So entstehen zwei Welten, die unterschiedlicher nicht sein könnten, aber immer durch die Gedanken an die jeweils andere miteinander verbunden sind. Früh wird klar, dass die Mädchen miteinander sexuell aktiv waren, doch während Oksana das als "echt" einstuft und sich selbst eingesteht, sieht Lena es als Phase, als Experimentieren. Sie können nicht ohne einander, in der russischen, homophoben Welt können sie aber auch nicht miteinander. Und so suchen sie sich beide Ausflüchte bei den Männern, Oksana in aufrichtiger Form bei dem Gopnik Mammut, Lena der Aufträge wegen bei einem Fotografen. Das Zerissensein zwischen dem, was glücklich macht, dem, was gesellschaftlich akzeptabel ist, und dem, dem sie sich nicht widersetzen können, durchzieht das ganze Buch. Es ist eine kluge Geschichte über die Liebe, über menschliche Nähe und aufrichtige Freundschaft.

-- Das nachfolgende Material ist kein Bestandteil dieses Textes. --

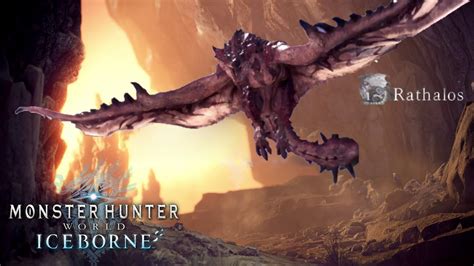 Monster Hunter World Iceborne Rathalos First Encounter Youtube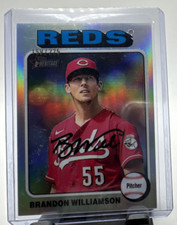 2024 Topps Heritage High Number Brandon Williamson Cinncinati Reds #159/225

Schrecklich hingegen ist die Realität, in der sich Lena bewegt. Shanghai, Modeln, Geld verdienen. Das klingt gut, das klingt sogar ausgezeichnet. Doch was sie erwartet sind Unterdrückung, Missbrauch und ständiges Bibbern in kalten Hallen, ohne am Ende den Job zu bekommen. Rafik, ihr Modelagent, lässt sie nach ihrer Ankunft nicht mal aufs Klo gehen und "vermietet" seine Mädchen gerne an zahlende chinesische Kunden. Das bessert immerhin ihr sonst spärliches Einkommen auf, denn sonst wären sie ja ein Minusgeschäft für die Agentur, was den jungen Frauen und Mädchen (manchmal erst 14 Jahre alt!) auch immer wieder unter die Nase gerieben wird. Lenas Ernährung besteht aus Instantnudeln, Jobs bekommt sie nur aufgrund ihres Verhältnisses mit einem Fotografen. Wir tauchen in Lenas Abschnitten ein in das schmutzigste Shanghai, in die Abgründe des Modelbusinesses und in ihre tiefe Einsamkeit.

Oksana geht es zuhause im winterlichen Krylatowo nicht unbedingt besser. Sie meldet sich in einem Anfall von Kummer und Selbsthass bei der zynischen, menschenverachtenden Diätwebsite leningrad-diet.ru an und will sich fortan nur noch von 125g Brot pro Tag und den Blockadegerichten ernähren. Das hält sie glücklicherweise mehr schlecht als recht durch, denn Tapetenkleister-Gelee und Ledersuppe gehen ihr einfach nicht runter. Doch in der Community entwickelt sich ein gefährlicher Sog, Likes werden wichtiger als Menschenleben. Man kann den Userinnen, die teilweise unter 30kg wiegen, fast schon beim Sterben zuschauen. Und dieses krankhafte Essverhalten, die schrecklichsten Formen der Magersucht werden noch befeuert durch Threads wie "Motivation" oder durch Strafen für einen Teller Bratkartoffeln, den die Eltern dem Mädchen aufgezwungen haben. Das Schrecklichste an dieser ganzen Sache ist in meinen Augen der historische Hintergrund, der hier schändlich missbraucht wird (Argument: Die Toten stört das ja nicht mehr. Die Userinnen feiern sich sogar selbst als Heldinnen.). Oksana liest viel über die Leningrader Blockade, spricht mit einer Augenzeugin und berichtet der Community über ihr Wissen. Sie steigt zur Geschichtsexpertin auf und wird überschüttet mit Likes, Kommentaren, Herzchen. Auch für den Leser sind diese Geschichtsstunden hochspannend, zumal sie wie Puzzlestücke an die richtigen Stellen im Buch fallen. Die Autorin hat Plot und Historie sehr gekonnt verknüpft.

Etwas unbefriedigt lässt mich allerdings das Ende zurück. Was ist da passiert zwischen Lena und Oksana? Ich hätte gerne etwas mehr Aufklärung gehabt, für mich läuft "Fliegende Hunde" zu unausgefochten ins Leere.

Der Roman war für mich ein Ein-Rutsch-Leseerlebnis, das mich bis spät in die Nacht wachgehalten hat. Die Perspektivwechsel erzeugen einen Sog und eine Dynamik, der man sich nicht wiedersetzen kann, und belohnt wird man mit einer außergewöhnlichen Geschichte über junge Liebe und Freundschaft und darüber, was Heimat und Leben überhaupt bedeuten. Ein etwas pointierterer Schluss wäre für eine solche Geschichte allerdings wünschenswert gewesen. Daher "nur" 4 von 5 Sternchen.